The French Institut de Radioprotection et de Sûreté Nucléaire (IRSN ) was created in February 2002 to take over the responsibilities of the Institut de Protection et de Sûreté Nucléaire (IPSN) and the Office de Protection contre Rayonnements Ionisants (OPRI). The IRSN chose the occasion of the April anniversary of the Chernobyl accident to enter on the scene with a paper presenting its research programme at Chernobyl, and summarising the state of knowledge about the accident.
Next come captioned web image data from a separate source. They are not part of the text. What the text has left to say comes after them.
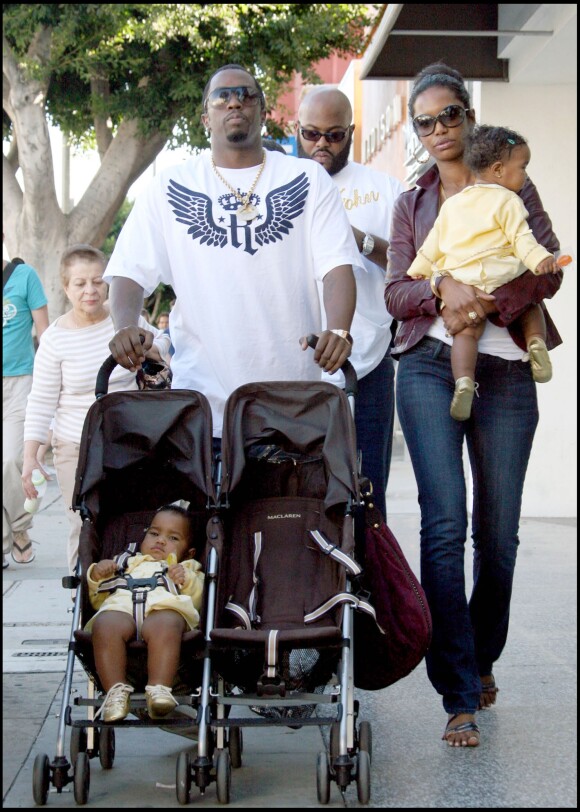 P. Diddy et Kim Porter avec leurs jumelles D'Lila Star et Jessie James à West Hollywood en 2007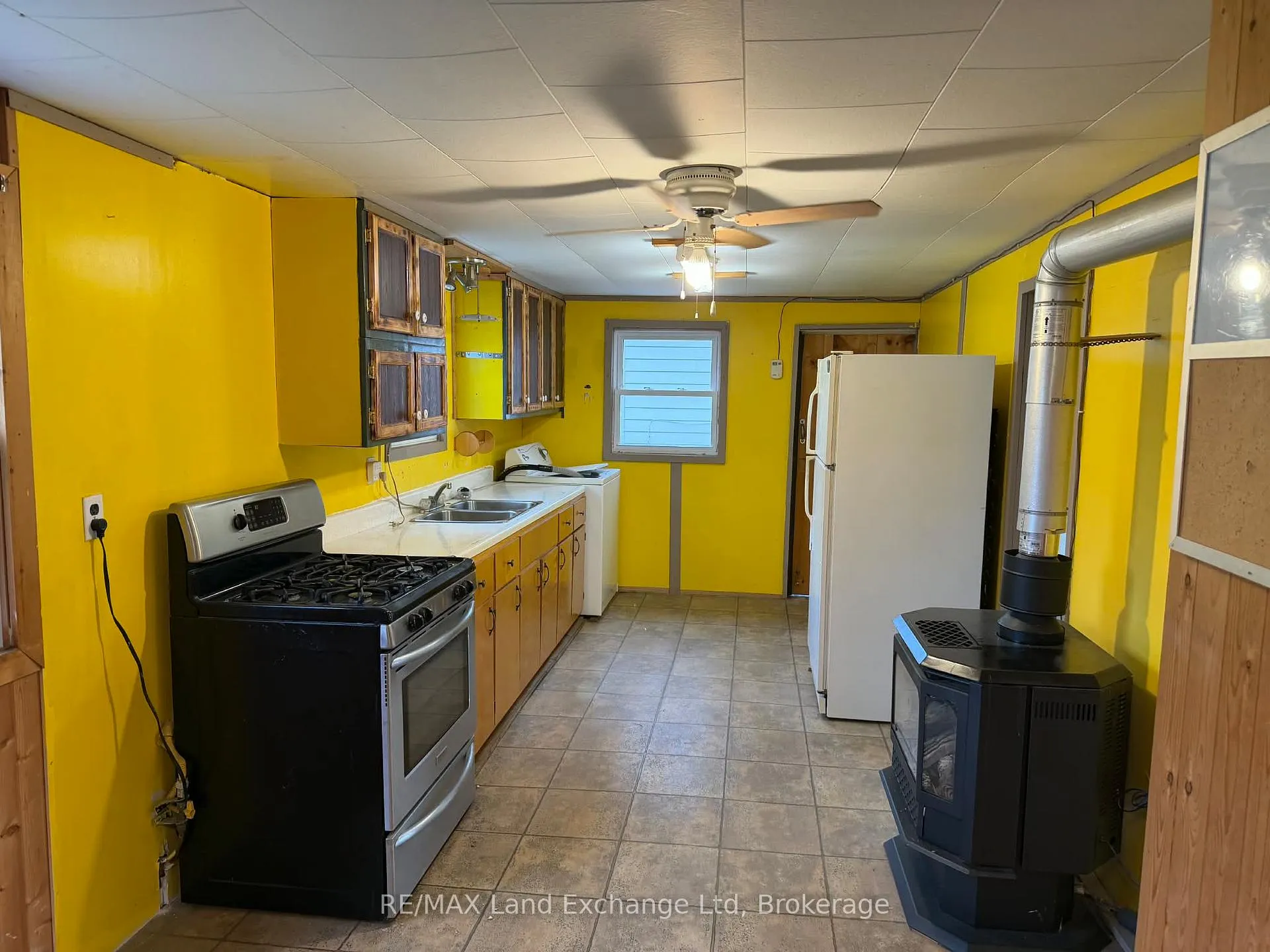 Photo 8 of 178 James Street, Central Huron, Clinton — HOMEH
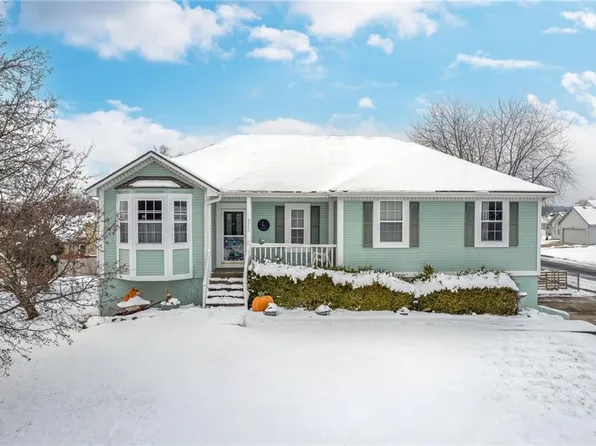 4902 Harkness Ave, Kansas City, MO 64136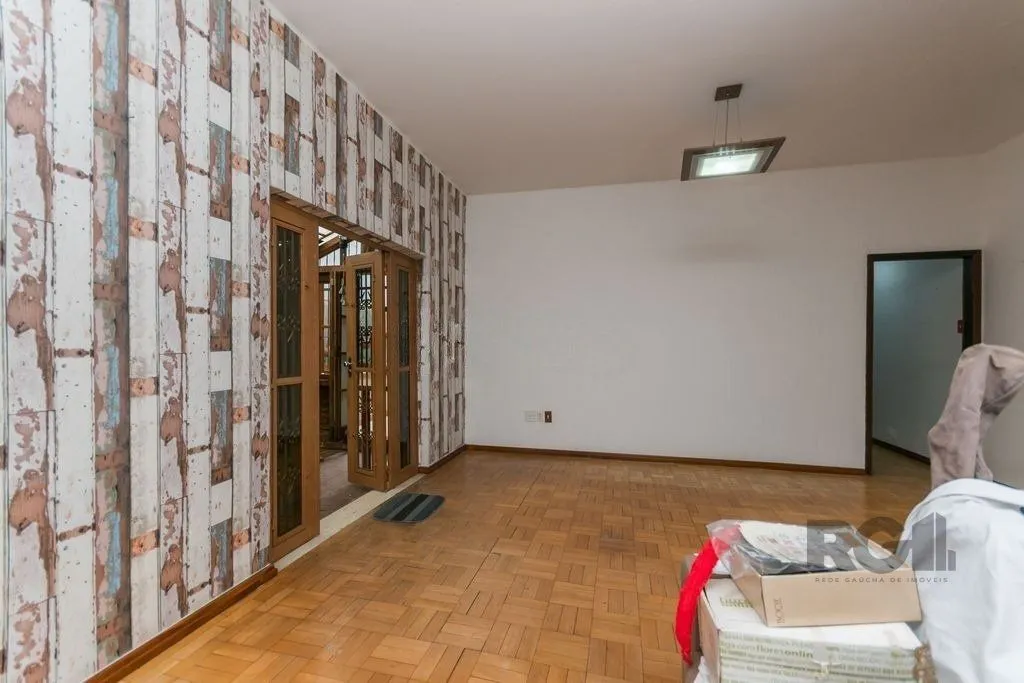 Imagem Excelente casa de 150m² com 3 dormitórios e 2 vagas.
The anniversary presentation covered some elements of the "Franco-German Chernobyl Initiative" undertaken with the German counterpart GRS: the epidemiology of thyroid disease in Ukraine, Belarus and the most contaminated regions of Russia; radioecology studies in the exclusion zone around the site of the accident, notably uptake of chloride and iodide in representative food plants and in representative soils; and the migration of Sr-90 in groundwater.
The report deals with the present state and future of the reactor site; consequences for public health in the region; the environment and ecology of the heavily contaminated areas (the exclusion zone) and their management; and the impact on France.
The IRSN works with international and regional bodies in its fields of competence. The organisation has a staff of 1500 engineers, research workers, physicians, agricultural engineers, veterinarians, and technicians. Its annual budget is about E250 million, 85% of which is provided by the French government.